A Fall in the Number of Women in Digital Industries
A report by the UK Commission for Employment and Skills found 27% of those working in the UK’s digital industries are female (that’s down from 33% in 2002, but expected to rise to 30% by 2022). There doesn’t seem to be a solid answer to explain the drop over the last twelve years, and as Aoife Ni Luanaigh, one of the UKCES’s report creators states, the drop is despite “a number of quite good initiatives that are already happening, to encourage more girls at school to take up coding, or to get involved with computer clubs and so on”.
Educating the Younger Generation
While being interviewed about being ‘a woman at the top’, Egnyte CSO Isabelle Guis also commented on education, “I believe a major reason that we are seeing more men than women working in the technology industry is education. There are fewer women in technology graduate programmes and in the marketplace because STEM subjects are still perceived by some to be ‘male’ subjects.”

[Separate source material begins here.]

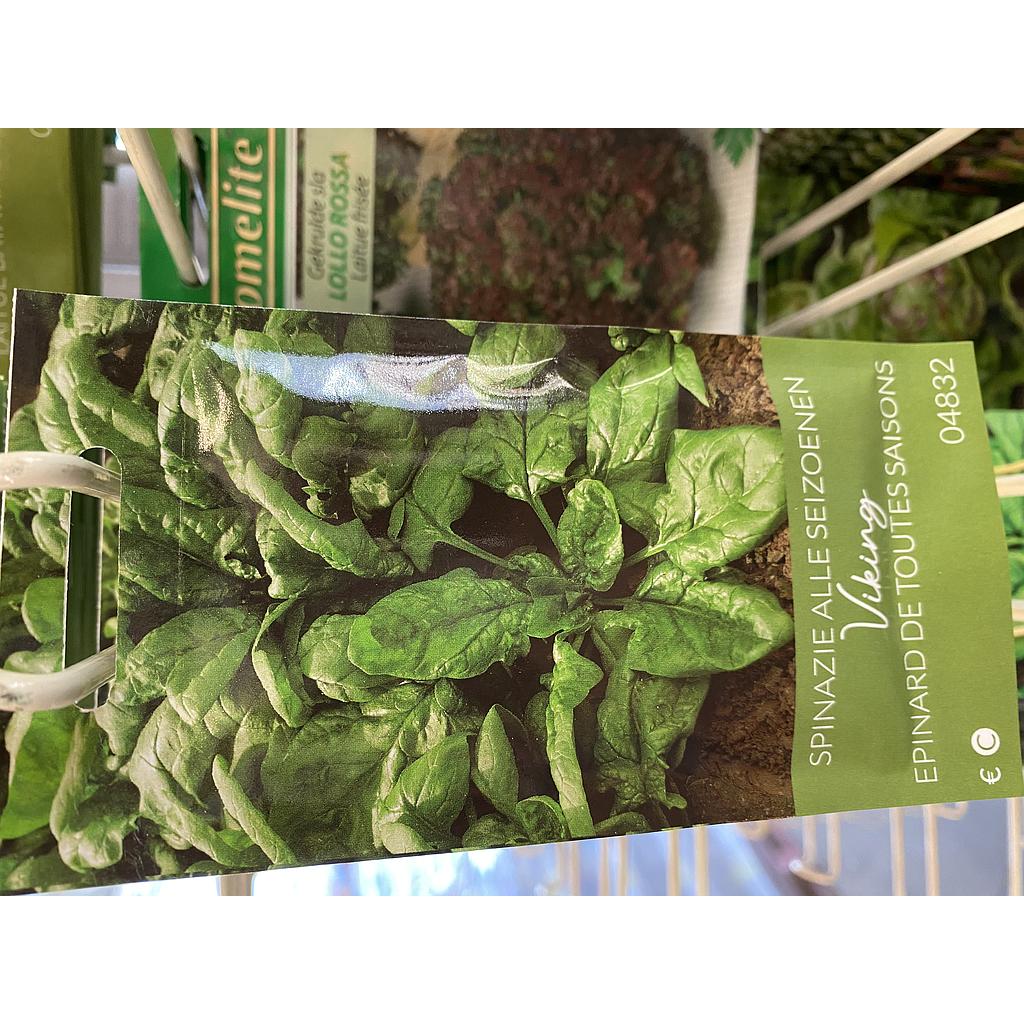 SPINAZIE ALLE SEIZOENEN VIKING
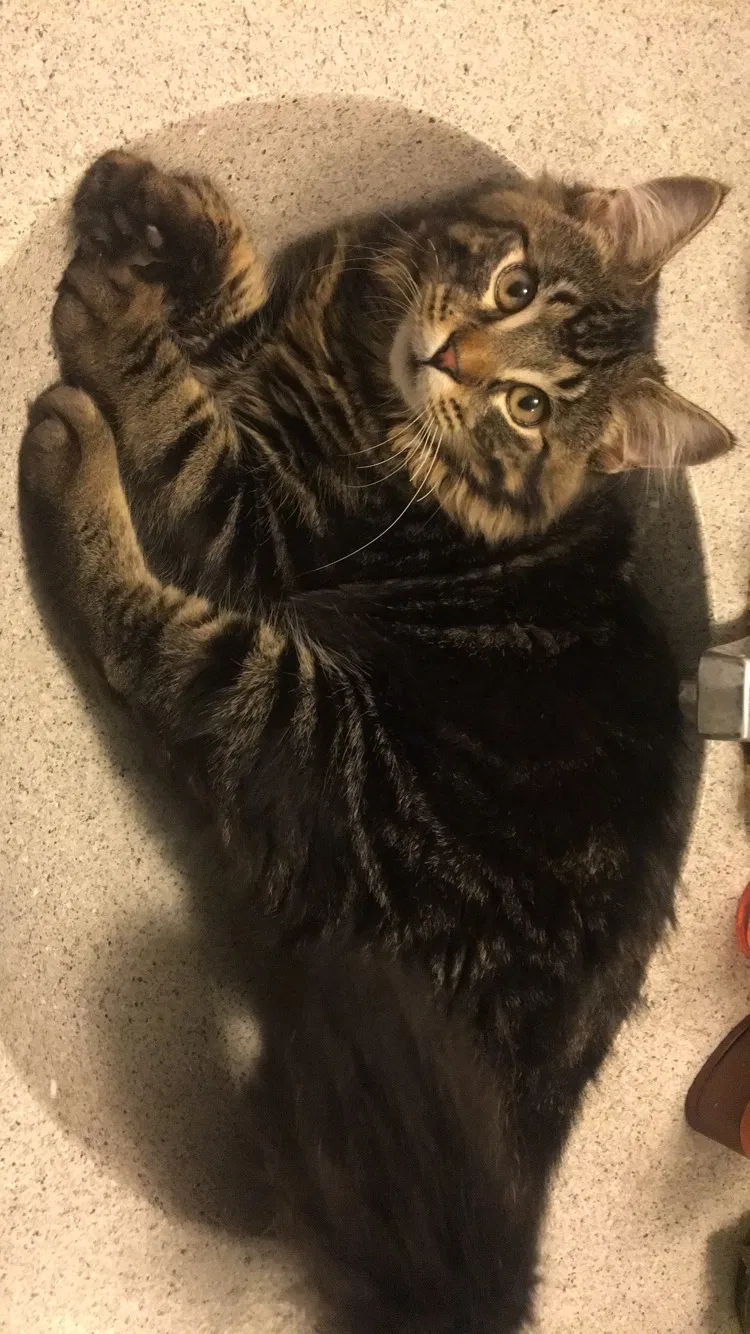 Lost cat in Carmichael, CA, 95608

A report by Gartner backed up these findings and opinions showing the number of female chief technology officers across the industry has remained static at 14% for the past 10 years. Further to this only 4% of CEOs at S&P 500 companies are women.
Raising Awareness of The Opportunities
The BBC, across Radio 4, BBC3 and other platforms, have recently been featuring women in tech and bringing the discussion into the public eye, and there are a number of organisations around the world championing women in technology. So, despite the disheartening figures there is a lot of action to change things for the future of women in technology.
The organisation Code First: Girls, who work with companies to help get more women into tech had, over the last 18 months, 1500+ young women participate in one of their courses or events, helping companies to recruit better tech talent into their firms.
Transparency in Job Descriptions
Vanessa Vallely, founder of women’s network WeAreTheCity explained how greater transparency could be the key to attracting more women into tech roles. For example, knowing if they are to be paid the same as others currently doing the same or similar roles. She also spoke about job descriptions, explaining that underlying masculine language can be off putting for women. She said “I would urge, if you are writing job descriptions, make sure they are good, make sure they excite people and make sure they tell them what the job is.” Vallely also spoke about a number of banks which, she said, pass new job descriptions through a female focus group before they are advertised, helping to soften the language used.
The Benefits of Female Leaders
The benefits of having a more gender balanced company are endless, and the attributes women can bring to the workplace are valuable. According to the Credit Suisse Gender 3000 report, organisations with more than 10% of women at the helm had higher returns than those that weren’t gender balanced. To back this up First Round Capital, recently released a report highlighting that businesses with female founders (or co-founders) performed 63% better than those with male leaders.
An Exciting Future
All great news for women who want to join, or develop further in, the technology sector, and also great news for businesses who want to create a more balanced and apparently, more productive team. Perhaps negative figures that have been released over the last few years relating to women in technology has been the extra push to encourage individuals and organisations to put the steps in place to open the doors to more female digital employees, and we wonder whether 2016 could be a boom year for women in technology.